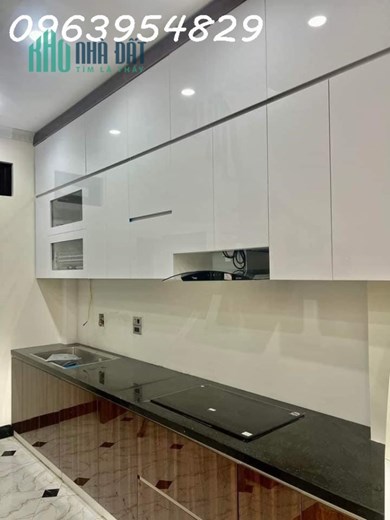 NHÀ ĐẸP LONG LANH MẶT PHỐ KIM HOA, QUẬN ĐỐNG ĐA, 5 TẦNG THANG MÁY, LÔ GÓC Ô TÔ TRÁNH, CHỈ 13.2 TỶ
***
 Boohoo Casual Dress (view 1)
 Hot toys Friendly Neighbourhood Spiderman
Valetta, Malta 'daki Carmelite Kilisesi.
***
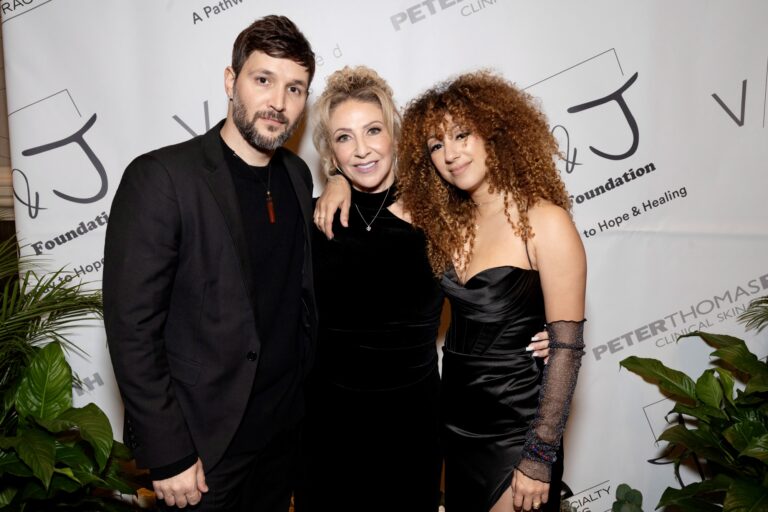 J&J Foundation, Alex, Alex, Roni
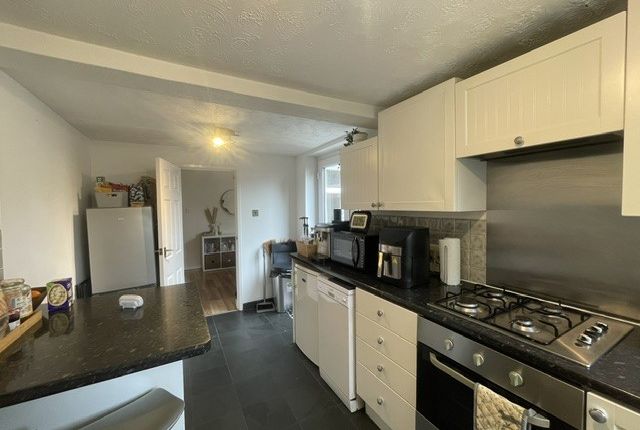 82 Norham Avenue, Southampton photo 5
***
#### [What to do]
Give again the stretch of lines above from the one with "J&J Foundation, Alex, Alex, Roni" through the one with "82 Norham Avenue, Southampton photo 5", both ends kept, and copy no pictures.

#### [Task answer]
 J&J Foundation, Alex, Alex, Roni
 82 Norham Avenue, Southampton photo 5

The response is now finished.